Employers innovating to overcome tight labour markets

Employers across Canada are employing innovative methods to combat labour shortages, according to a Fraser Institute study.

“While the breadth of Canada’s labour shortage is debatable, tight labour markets exist in certain parts of the country, including Western Canada, where employers are taking steps to enhance their existing labour force without hiring new workers,” says Philip Cross, author of the study and former chief economic analyst for Statistics Canada.

More employers are encouraging employees to delay retirement and work longer hours with more overtime. Nearly one-third of Albertans, for example, work more than 50 hours a week.

In fact, the number of Alberta employees paid to work overtime rose by 57% over the past decade, and 60% in Saskatchewan, compared with a 3.3% rise in the rest of Canada.

But this strategy, notes the study, is unsustainable due to Canada’s rapidly aging population. The number of Canadians 65 years and older (the retirement years) rose to 5.1 million in 2013 from 3.8 million in 2003.

However, the aging workforce doesn’t always benefit young Canadians.

The employment rate for young high school graduates with a post-secondary certificate or diploma (from a trade school, for example) is 77.2% compared with 71.8% for university graduates, and their unemployment rates are 7.3% and 9.1%, respectively.
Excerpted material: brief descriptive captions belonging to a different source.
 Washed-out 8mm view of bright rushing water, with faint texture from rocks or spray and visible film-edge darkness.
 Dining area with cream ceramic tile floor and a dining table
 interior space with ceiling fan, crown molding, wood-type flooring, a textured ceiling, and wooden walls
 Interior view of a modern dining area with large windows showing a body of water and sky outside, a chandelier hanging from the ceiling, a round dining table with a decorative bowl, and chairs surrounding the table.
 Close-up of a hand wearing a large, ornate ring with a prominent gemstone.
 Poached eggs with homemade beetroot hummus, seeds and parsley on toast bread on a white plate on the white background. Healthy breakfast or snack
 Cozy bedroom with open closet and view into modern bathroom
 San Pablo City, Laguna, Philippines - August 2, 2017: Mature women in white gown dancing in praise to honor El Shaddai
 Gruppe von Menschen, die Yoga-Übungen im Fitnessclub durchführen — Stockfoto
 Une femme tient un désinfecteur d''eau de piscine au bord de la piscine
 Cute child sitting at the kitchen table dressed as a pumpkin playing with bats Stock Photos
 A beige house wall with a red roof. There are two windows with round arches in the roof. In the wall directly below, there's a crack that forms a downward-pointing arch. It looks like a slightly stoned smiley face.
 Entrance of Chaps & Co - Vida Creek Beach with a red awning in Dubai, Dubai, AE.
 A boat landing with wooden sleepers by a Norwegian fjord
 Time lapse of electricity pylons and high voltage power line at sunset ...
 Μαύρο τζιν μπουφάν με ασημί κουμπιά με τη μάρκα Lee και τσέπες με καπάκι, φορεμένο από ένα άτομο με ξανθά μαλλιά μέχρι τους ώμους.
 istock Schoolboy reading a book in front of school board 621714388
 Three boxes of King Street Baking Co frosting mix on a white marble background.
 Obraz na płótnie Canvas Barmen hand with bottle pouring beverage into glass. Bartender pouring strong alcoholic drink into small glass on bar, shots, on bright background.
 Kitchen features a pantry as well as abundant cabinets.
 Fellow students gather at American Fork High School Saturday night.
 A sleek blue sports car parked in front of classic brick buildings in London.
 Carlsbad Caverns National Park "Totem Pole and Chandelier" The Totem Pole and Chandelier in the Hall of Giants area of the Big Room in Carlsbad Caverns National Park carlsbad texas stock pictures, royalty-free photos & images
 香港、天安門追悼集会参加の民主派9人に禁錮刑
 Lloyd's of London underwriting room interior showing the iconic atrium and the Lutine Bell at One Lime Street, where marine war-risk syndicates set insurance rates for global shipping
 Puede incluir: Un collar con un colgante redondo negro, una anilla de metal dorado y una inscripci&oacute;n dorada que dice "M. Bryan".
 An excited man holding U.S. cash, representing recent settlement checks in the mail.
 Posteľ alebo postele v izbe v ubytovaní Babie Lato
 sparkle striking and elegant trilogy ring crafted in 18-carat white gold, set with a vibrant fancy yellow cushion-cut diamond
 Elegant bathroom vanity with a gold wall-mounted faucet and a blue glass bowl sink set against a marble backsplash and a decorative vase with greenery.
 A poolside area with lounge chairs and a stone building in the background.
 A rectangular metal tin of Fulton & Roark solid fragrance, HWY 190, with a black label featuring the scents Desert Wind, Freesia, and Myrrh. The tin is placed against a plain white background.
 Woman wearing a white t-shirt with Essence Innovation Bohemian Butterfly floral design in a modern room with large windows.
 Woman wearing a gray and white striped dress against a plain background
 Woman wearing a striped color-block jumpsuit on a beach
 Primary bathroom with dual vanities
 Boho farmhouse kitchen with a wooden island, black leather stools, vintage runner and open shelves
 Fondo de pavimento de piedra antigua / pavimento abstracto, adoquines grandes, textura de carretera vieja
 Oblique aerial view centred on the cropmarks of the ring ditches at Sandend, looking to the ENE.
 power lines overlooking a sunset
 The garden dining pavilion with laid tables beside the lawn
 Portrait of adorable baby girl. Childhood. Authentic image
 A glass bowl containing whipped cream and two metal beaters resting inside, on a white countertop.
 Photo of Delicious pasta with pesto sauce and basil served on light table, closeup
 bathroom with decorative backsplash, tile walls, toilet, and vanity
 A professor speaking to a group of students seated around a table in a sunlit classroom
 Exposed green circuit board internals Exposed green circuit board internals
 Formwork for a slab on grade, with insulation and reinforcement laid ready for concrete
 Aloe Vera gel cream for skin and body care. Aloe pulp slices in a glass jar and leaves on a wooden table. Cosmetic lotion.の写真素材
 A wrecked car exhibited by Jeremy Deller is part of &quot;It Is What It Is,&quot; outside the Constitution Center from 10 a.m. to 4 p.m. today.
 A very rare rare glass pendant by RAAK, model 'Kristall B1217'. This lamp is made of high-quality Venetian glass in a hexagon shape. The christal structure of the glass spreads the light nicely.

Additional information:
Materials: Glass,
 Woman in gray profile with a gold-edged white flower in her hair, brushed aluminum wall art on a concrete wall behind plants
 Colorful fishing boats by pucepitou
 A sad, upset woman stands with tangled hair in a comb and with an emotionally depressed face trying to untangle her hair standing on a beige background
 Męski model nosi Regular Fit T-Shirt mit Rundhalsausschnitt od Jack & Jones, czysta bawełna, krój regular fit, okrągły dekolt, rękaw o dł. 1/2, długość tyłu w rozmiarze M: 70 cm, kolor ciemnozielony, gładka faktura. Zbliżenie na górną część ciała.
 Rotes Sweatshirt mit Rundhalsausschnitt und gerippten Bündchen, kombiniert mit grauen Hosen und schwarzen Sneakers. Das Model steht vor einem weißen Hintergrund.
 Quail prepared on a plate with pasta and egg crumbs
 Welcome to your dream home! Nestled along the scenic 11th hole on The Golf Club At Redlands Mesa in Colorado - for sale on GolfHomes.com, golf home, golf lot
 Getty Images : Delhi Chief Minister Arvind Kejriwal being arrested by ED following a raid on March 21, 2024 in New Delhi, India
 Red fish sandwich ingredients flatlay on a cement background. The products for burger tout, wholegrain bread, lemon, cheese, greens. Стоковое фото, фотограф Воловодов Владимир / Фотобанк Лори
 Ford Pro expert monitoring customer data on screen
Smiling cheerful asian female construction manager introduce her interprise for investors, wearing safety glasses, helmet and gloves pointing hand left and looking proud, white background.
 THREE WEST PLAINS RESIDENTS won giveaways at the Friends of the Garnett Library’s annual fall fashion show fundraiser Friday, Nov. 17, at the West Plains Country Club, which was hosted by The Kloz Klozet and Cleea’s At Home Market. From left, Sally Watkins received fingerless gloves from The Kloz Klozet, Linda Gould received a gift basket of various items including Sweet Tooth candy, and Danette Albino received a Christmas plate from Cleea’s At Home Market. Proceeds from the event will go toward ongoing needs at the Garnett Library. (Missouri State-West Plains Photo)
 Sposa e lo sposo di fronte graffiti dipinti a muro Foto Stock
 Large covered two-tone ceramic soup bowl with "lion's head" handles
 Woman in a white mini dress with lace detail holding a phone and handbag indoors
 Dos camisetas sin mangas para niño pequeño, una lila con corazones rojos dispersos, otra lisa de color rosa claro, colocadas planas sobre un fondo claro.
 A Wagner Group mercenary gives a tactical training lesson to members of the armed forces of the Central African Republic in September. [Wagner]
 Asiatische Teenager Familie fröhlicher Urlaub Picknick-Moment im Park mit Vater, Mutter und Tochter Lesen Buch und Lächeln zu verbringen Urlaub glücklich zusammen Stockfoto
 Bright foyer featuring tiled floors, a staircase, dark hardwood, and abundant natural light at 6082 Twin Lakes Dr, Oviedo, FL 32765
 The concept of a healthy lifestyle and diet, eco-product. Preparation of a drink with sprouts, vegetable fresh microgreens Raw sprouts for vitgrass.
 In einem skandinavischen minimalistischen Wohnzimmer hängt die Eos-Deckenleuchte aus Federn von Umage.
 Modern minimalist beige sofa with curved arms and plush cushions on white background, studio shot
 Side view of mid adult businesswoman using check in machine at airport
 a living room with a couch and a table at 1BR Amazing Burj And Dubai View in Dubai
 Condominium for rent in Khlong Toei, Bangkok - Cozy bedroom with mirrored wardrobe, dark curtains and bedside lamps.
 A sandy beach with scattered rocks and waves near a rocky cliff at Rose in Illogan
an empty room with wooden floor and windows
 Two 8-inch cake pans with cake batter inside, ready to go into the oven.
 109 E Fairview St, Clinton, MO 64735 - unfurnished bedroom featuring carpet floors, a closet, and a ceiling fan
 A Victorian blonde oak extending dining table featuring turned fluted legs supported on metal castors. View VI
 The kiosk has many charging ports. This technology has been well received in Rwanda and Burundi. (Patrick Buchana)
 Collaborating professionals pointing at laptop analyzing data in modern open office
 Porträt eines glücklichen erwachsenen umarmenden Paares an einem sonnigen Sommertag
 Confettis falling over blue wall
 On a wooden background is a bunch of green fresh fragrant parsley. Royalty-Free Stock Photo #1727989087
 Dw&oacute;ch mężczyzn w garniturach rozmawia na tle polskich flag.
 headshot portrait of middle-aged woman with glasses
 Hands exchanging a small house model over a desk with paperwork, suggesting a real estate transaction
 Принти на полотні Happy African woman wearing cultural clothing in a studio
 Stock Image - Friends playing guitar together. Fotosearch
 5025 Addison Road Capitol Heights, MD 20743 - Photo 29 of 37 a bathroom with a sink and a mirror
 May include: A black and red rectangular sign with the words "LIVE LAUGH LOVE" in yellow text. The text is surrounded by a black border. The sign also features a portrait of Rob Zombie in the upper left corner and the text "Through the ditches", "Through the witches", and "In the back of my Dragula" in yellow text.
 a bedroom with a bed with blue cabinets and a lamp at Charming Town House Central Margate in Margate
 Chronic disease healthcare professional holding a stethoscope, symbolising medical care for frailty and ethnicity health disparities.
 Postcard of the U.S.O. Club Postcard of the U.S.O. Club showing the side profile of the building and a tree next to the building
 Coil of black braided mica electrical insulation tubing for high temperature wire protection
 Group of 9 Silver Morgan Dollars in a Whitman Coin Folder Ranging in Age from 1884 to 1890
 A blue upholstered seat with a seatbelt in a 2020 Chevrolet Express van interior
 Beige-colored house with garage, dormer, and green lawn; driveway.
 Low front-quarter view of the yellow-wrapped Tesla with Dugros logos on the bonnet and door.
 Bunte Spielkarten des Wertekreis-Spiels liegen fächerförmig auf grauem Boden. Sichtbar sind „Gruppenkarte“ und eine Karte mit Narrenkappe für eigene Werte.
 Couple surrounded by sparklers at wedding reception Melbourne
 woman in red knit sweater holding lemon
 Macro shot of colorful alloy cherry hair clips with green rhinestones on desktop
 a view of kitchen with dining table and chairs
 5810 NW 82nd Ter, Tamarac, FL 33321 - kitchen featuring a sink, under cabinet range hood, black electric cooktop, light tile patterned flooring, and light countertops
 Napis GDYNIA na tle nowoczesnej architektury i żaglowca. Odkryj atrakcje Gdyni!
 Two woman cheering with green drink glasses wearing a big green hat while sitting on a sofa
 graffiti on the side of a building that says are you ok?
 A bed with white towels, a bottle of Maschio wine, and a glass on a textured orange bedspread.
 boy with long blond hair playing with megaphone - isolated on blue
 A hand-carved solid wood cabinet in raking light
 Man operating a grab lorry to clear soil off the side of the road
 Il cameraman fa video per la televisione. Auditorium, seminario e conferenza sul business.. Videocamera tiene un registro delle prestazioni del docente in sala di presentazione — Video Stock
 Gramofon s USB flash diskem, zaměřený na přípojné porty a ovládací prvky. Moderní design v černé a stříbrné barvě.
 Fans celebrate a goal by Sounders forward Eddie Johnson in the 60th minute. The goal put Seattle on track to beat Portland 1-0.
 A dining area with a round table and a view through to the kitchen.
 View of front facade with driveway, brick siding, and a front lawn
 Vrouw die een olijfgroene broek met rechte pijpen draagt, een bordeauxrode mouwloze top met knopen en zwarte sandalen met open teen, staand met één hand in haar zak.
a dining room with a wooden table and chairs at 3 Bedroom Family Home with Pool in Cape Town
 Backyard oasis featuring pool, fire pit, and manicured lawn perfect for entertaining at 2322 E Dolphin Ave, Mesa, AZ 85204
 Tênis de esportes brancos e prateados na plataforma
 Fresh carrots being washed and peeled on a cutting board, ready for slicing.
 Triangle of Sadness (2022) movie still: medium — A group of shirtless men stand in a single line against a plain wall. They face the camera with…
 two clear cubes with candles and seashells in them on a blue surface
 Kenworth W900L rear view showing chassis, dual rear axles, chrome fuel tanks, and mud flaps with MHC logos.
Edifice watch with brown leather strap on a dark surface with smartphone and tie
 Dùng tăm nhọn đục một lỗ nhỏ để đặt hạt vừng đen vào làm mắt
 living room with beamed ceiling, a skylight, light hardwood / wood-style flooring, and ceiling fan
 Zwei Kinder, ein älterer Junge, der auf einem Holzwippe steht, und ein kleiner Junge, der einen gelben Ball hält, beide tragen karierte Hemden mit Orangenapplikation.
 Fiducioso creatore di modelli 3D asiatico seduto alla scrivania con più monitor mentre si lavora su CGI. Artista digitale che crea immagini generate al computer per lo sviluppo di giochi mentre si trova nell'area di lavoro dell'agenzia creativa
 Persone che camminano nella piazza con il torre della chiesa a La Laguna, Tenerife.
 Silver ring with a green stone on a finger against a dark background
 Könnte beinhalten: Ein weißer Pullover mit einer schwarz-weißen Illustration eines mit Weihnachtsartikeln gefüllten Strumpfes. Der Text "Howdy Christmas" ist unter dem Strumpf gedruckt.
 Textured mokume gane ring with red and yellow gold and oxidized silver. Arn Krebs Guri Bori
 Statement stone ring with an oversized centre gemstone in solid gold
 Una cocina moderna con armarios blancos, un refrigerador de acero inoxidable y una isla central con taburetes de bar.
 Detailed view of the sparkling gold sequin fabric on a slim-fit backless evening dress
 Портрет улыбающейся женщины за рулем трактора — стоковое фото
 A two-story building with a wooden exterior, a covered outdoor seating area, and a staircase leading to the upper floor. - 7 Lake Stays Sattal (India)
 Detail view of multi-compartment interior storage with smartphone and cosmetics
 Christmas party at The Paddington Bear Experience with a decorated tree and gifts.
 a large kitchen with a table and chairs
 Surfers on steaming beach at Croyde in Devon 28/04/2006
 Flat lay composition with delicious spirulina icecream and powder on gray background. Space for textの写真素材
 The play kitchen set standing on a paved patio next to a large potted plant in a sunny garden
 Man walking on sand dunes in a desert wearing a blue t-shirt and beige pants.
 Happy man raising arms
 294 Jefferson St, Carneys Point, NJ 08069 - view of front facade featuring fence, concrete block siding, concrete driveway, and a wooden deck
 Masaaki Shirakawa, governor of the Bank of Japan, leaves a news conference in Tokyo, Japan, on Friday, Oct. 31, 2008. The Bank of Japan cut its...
Among young Canadians with a graduate degree, the unemployment rate rises to 9.4%.

But the study notes that many university graduates lack the skills necessary for available jobs in construction or the trades, a worrying trend for employers.

“A portion of university graduates are trained for jobs that are unavailable while employers are seeking workers for jobs where labour is scarce,” he explains.

Because employers are reluctant to hire young people who lack the right skills, and are increasingly reluctant to provide in-house training, there’s a large gap between adult and youth unemployment in Canada.

Ottawa’s recent decision to tighten restrictions on the Temporary Foreign Worker program will place added strain on the Canadian labour market.

“The Temporary Foreign Worker program has helped alleviate labour shortages in certain locations across Canada and in certain industries. But the new red tape and increased fees will likely discourage many employers from participating in the program,” Cross says.

Finally, on the wage front, tight labour markets in resource-rich provinces (Alberta, Saskatchewan and Newfoundland and Labrador) are driving up wages while the rest of the country has seen only modest wage gains.